> _INFORMATION SUPPLIED_:

====================

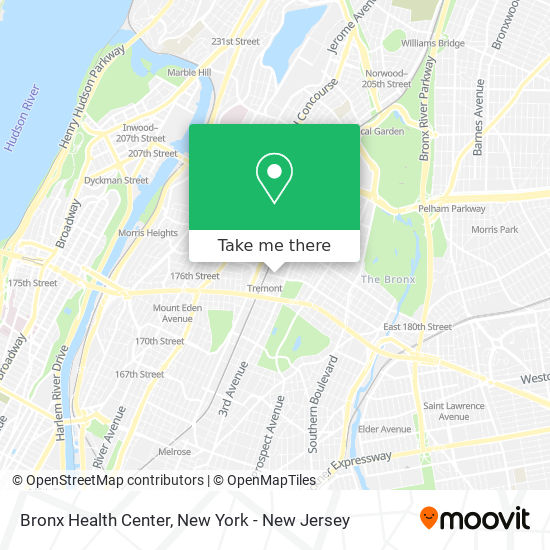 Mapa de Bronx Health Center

====================

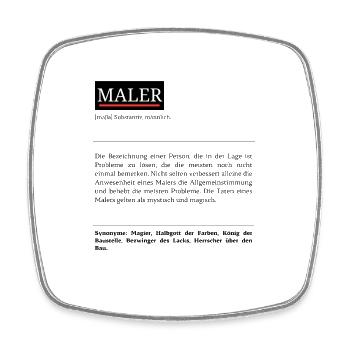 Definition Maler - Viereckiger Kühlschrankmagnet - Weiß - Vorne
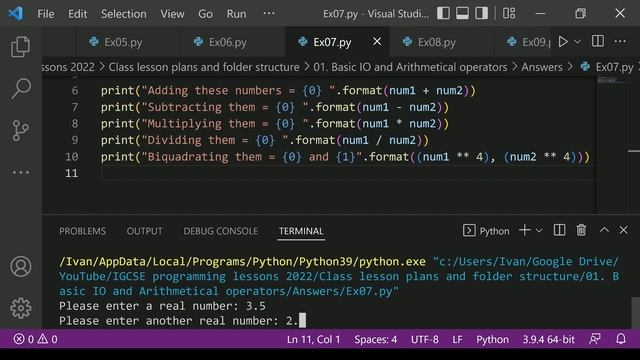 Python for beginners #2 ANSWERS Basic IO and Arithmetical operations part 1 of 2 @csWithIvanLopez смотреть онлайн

====================

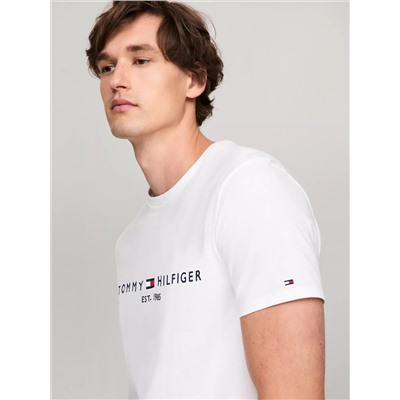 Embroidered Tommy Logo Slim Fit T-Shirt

====================

> _ACTION ITEM_:
Only one stretch of the material above is wanted: the line containing "Definition Maler - Viereckiger" through the line containing "Python for beginners". Restate it word for word, minus the pictures.

> _SOLUTION BELOW_:
 Definition Maler - Viereckiger Kühlschrankmagnet - Weiß - Vorne
 Python for beginners #2 ANSWERS Basic IO and Arithmetical operations part 1 of 2 @csWithIvanLopez смотреть онлайн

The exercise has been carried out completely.